▶ **Problem details**
Could you please reproduce the entries exactly, leaving out any pictures?

▶ **Material for this exercise**
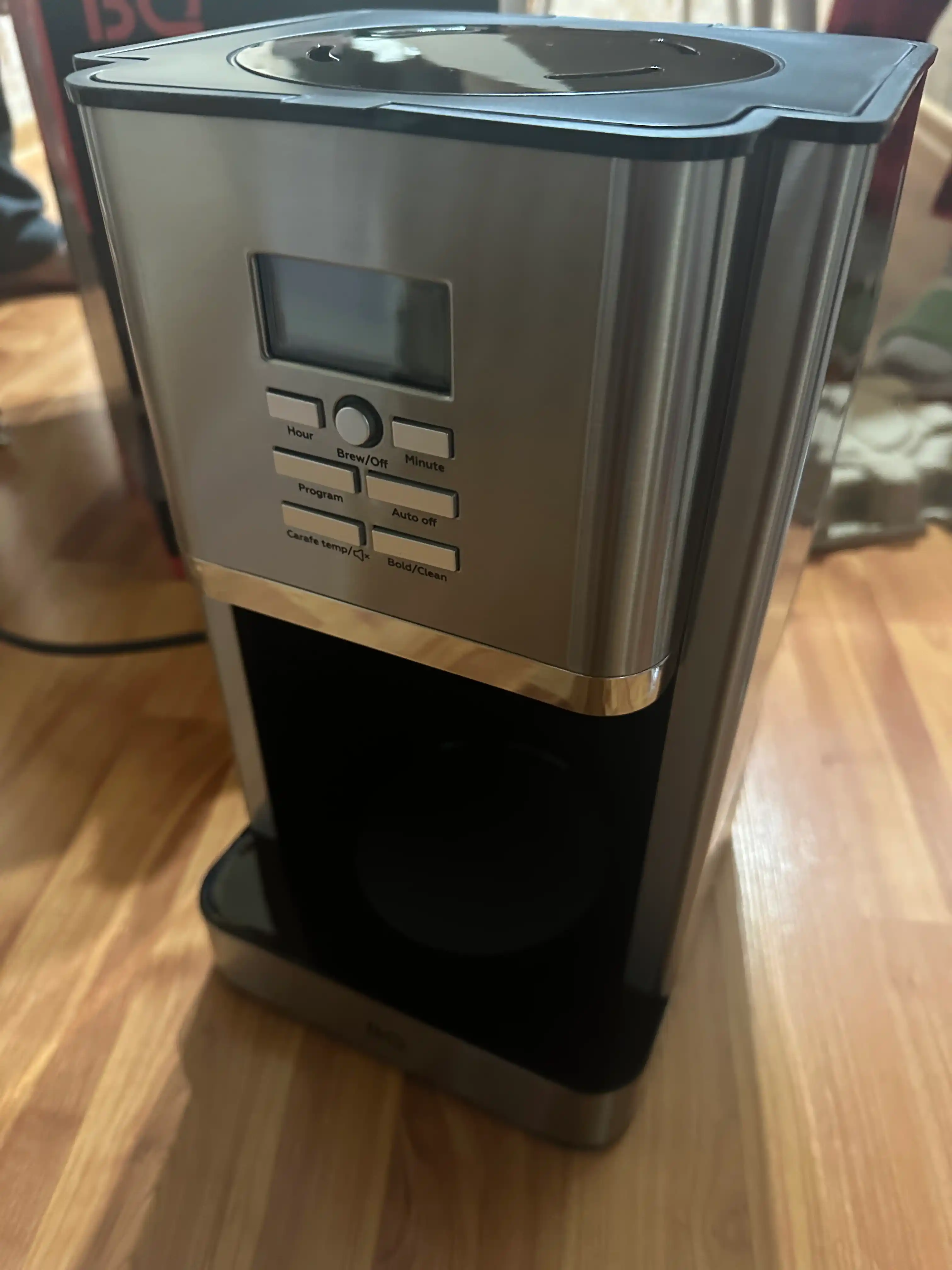 Qahva qaynatgich BQ CM1004, elektron boshqaruv turi, hajmi 1.8 litr, quvvati 1000 Vt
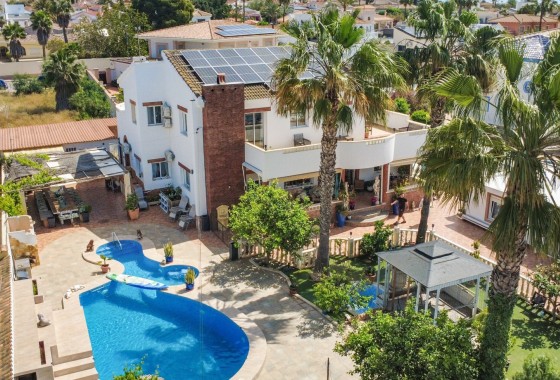 Villa - Sale - Cuidad Quesada* - Ciudad Quesada
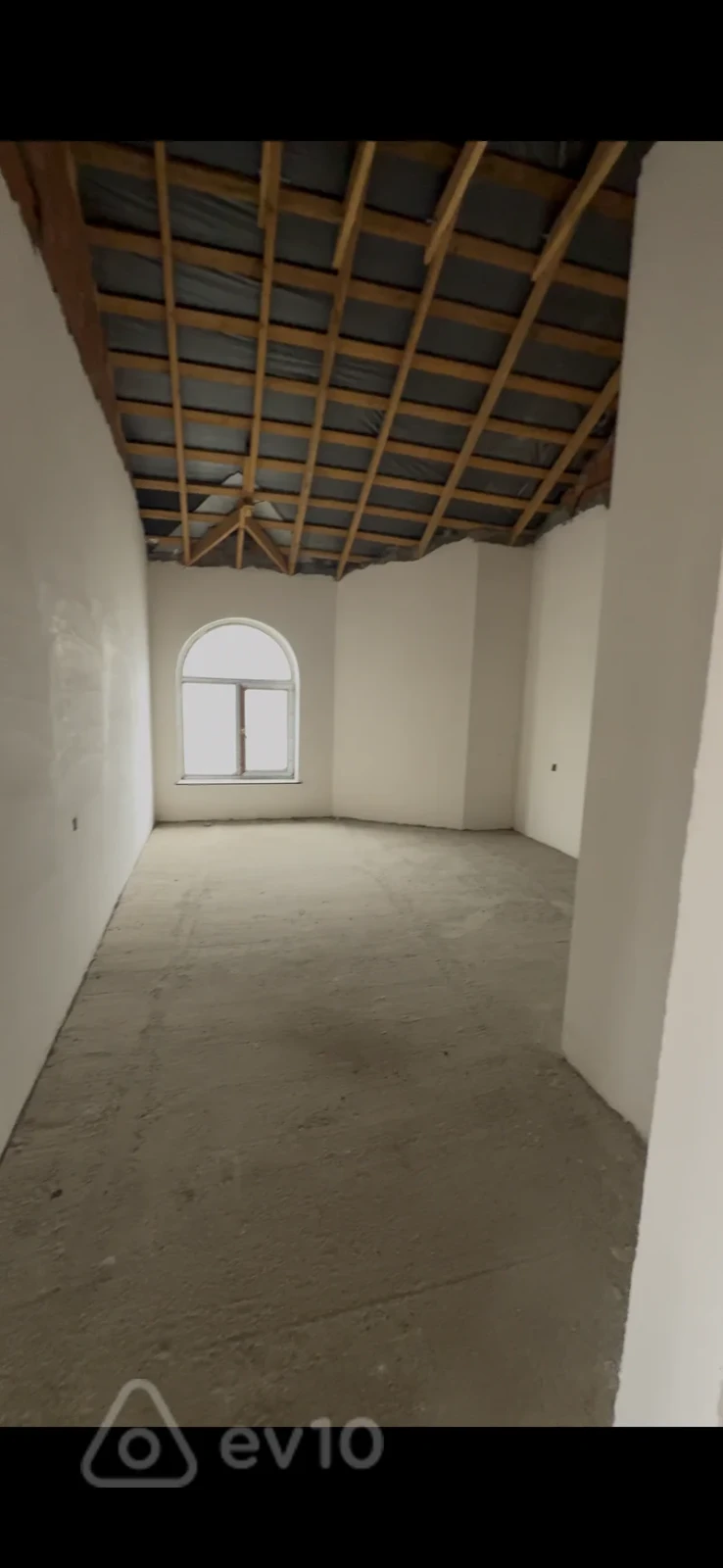 Satılır 7 otaqlı həyət evi 150 m²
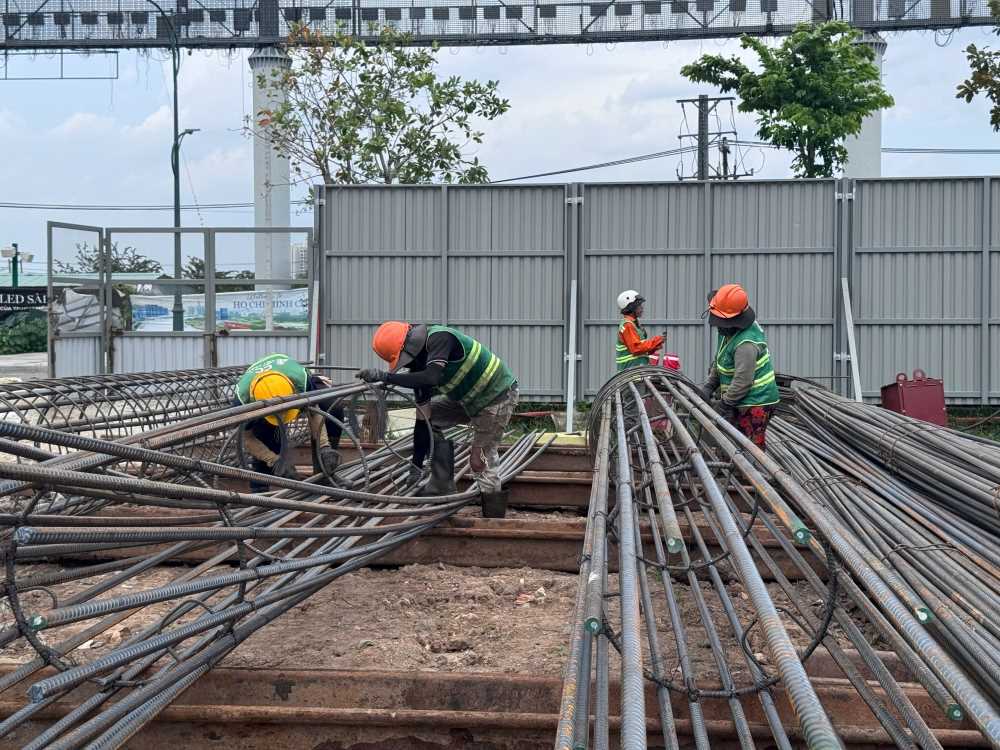 Máy móc, thiết bị và công nhân làm việc bên phía Thủ Thiêm. Ảnh: Mỹ Quỳnh).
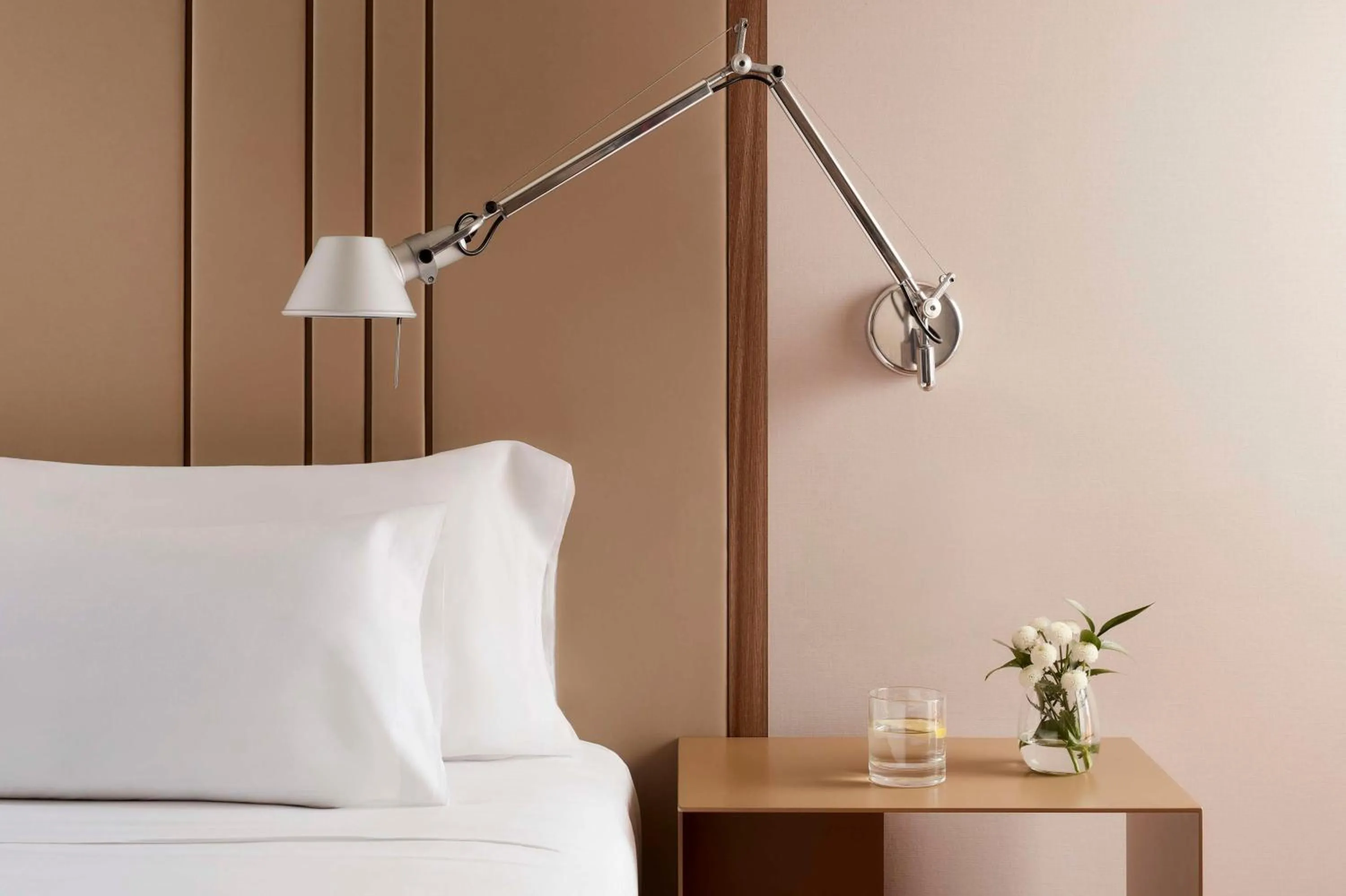 Bedroom, Bed in NH Luz Huelva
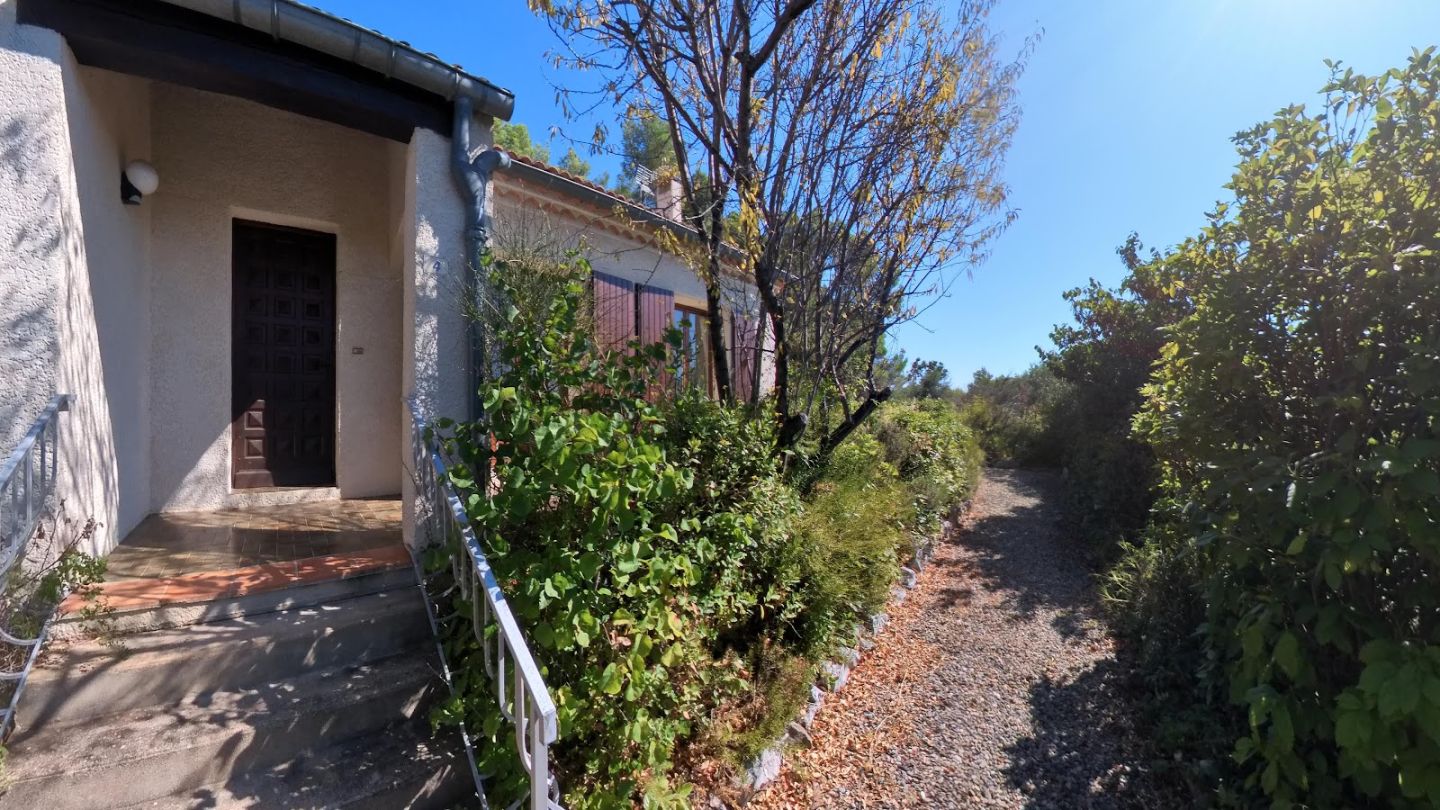 Belle villa 117 m² T5, piscine et garage, terrain 2932 m²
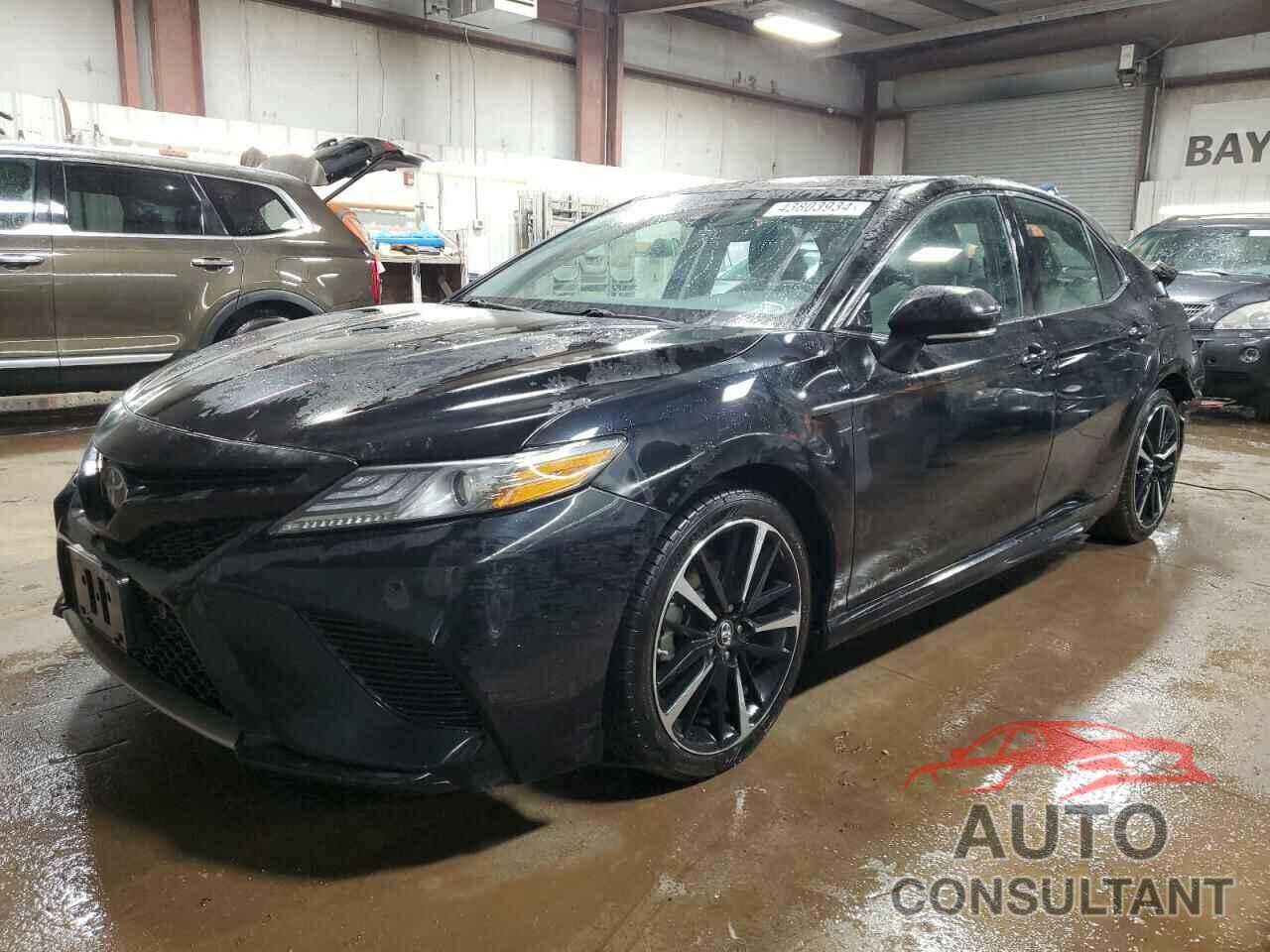 TOYOTA CAMRY 2018 - 4T1B61HK3JU139564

▶ **Finished exercise**
 Qahva qaynatgich BQ CM1004, elektron boshqaruv turi, hajmi 1.8 litr, quvvati 1000 Vt
 Villa - Sale - Cuidad Quesada* - Ciudad Quesada
 Satılır 7 otaqlı həyət evi 150 m²
 Máy móc, thiết bị và công nhân làm việc bên phía Thủ Thiêm. Ảnh: Mỹ Quỳnh).
 Bedroom, Bed in NH Luz Huelva
 Belle villa 117 m² T5, piscine et garage, terrain 2932 m²
 TOYOTA CAMRY 2018 - 4T1B61HK3JU139564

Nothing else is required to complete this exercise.